:: Data supplied
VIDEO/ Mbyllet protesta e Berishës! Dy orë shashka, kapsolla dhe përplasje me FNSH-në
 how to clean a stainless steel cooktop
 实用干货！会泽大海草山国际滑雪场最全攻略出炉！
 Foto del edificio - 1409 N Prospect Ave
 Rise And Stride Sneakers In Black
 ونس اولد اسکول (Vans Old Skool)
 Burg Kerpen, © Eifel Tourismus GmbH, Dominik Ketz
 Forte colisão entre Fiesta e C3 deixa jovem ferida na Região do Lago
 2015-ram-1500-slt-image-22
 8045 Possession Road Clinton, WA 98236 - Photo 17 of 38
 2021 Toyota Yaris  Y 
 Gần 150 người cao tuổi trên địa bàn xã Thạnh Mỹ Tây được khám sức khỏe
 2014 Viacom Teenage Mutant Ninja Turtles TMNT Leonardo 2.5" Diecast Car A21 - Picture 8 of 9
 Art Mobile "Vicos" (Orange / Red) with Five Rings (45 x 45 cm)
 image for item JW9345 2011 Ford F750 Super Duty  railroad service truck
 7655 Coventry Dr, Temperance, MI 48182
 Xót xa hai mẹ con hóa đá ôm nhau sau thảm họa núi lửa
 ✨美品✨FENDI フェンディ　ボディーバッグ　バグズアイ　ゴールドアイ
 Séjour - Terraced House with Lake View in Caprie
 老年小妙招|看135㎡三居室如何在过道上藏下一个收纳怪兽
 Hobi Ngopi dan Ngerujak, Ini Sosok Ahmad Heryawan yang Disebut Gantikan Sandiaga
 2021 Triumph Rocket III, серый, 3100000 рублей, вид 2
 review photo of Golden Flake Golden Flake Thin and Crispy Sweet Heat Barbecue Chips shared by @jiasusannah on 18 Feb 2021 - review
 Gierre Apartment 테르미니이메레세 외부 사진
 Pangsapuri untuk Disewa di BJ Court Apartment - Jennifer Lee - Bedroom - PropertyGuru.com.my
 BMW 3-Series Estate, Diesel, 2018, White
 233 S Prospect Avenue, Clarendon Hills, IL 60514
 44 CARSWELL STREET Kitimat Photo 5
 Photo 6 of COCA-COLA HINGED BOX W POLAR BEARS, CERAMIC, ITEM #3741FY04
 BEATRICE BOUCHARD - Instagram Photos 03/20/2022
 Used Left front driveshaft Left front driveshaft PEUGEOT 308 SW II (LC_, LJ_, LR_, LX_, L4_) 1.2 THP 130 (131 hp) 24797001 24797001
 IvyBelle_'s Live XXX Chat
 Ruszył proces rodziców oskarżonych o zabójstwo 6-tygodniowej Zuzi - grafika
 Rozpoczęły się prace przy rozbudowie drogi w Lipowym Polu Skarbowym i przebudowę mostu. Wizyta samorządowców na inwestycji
::::
Directions for this task -
Say how many lines of the listing above contain "Prospect", giving nothing but the number.

Result below -
2